Tay and Lim believe that the weak consumer sentiment in China will not be able to support cost pass-through in the near term, while near-term cost pressures remain as it will take time for higher-priced feedstock such as wheat to be absorbed.

Although they think that sales volumes are likely to continue growing, Wilmar’s FY2023 profitability may continue to be weighed down.

Noting a share price weakness in Wilmar’s listed subsidiaries, Yihai Kerry Arawana and Adani-Wilmar, their target price has been reduced to $4.05.

“We see limited catalysts in the near term due to volatility of raw material costs, as well as overhang from the recent news of Adani looking to sell its 44% stake in Adani-Wilmar,” they say. “Nevertheless, we think Wilmar will continue to benefit from the progressive recovery in China’s economy.”
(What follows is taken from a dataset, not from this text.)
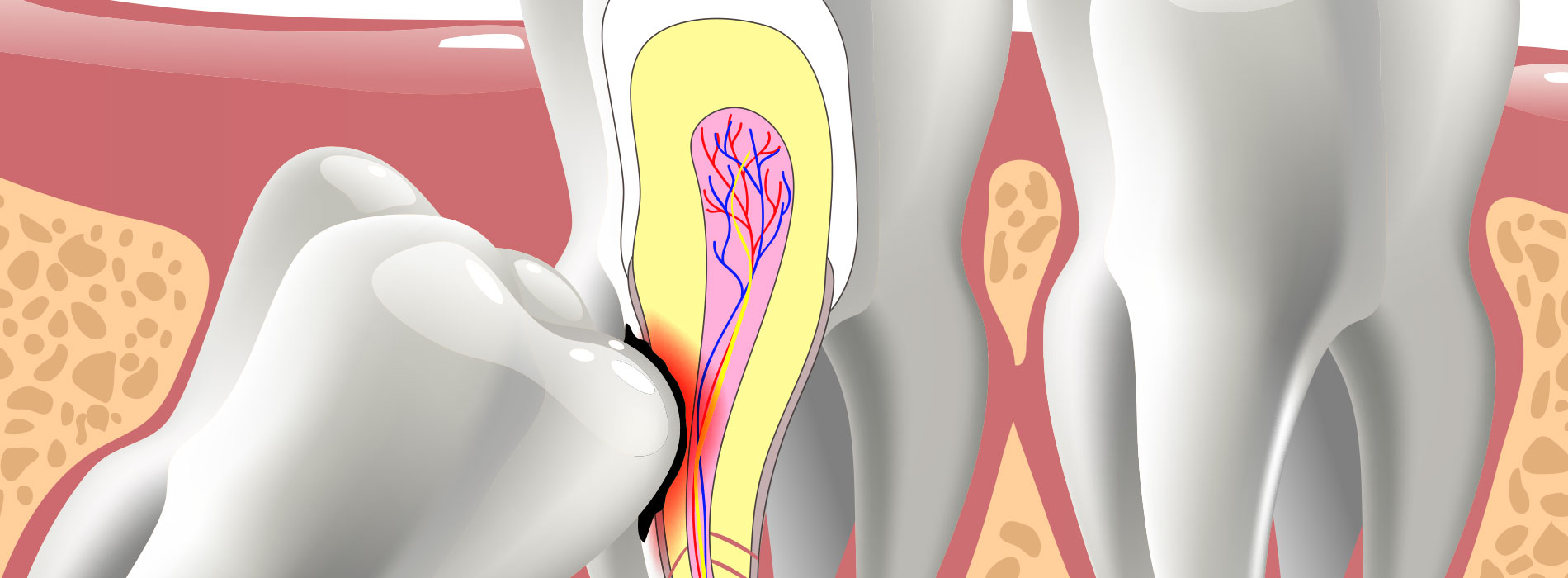 Impacted Teeth in Albuquerque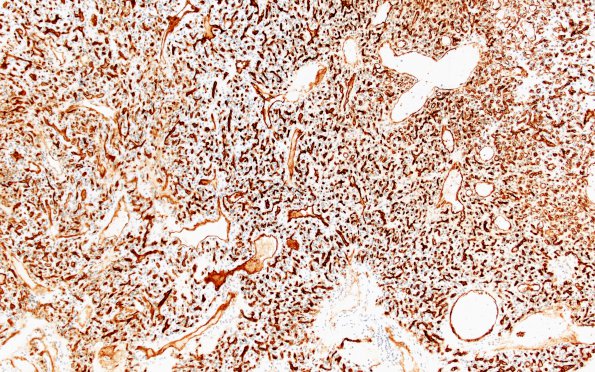 7C1 Hemangioblastoma (Case 7) CD34 10X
Finally, Citi analyst Jame Osman says that he continues to view Wilmar as a recessionary and inflationary hedge, and a China reopening play.
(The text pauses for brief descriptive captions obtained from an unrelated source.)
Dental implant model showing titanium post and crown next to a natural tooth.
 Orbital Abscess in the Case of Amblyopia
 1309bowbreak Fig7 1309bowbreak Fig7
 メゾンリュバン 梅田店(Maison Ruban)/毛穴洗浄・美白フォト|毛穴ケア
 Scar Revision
He looks to a better 2HFY2023 driven by sales volume recovery as he notes that Wilmar’s management has shared that it has observed an improvement in demand in the market with 1HFY2023 marking a bottom, resulting in an expectation of a better 2HFY2023 h-o-h.

He notes that the magnitude of recovery will unsurprisingly be tied to China’s macro backdrop.

However, unlike the few analysts before him, Osman thinks that El Nino weather impact is an upside tail risk for Wilmar, as higher prices will ultimately benefit their upstream and refining margins.

Osman cuts his FY2023-FY2024 EPS forecasts by 38%/18%/11%, mainly after tempering his margin assumptions to factor 1HFY2023 trends.

His new lowered target price is based on a target multiple of about 12x (about 1 standard deviation (s.d.) below past 10-year mean of about 14x previously, to reflect the near-term uncertainty around consumption recovery.

“Our positive mid- to longer-term structural view of Wilmar and its business model remains intact, considering its positioning as an integrated and diversified food producer in two of the largest consumer growth markets of China and India,” he says. “Valuations remain inexpensive, with the stock trading at FY2024 price earnings ratio of 9x; >1 s.d. below the past 10-year mean of 14.2x.”

As at 3.57pm, shares in Wilmar International are trading 4 cents lower, or 1.10% down at $3.60.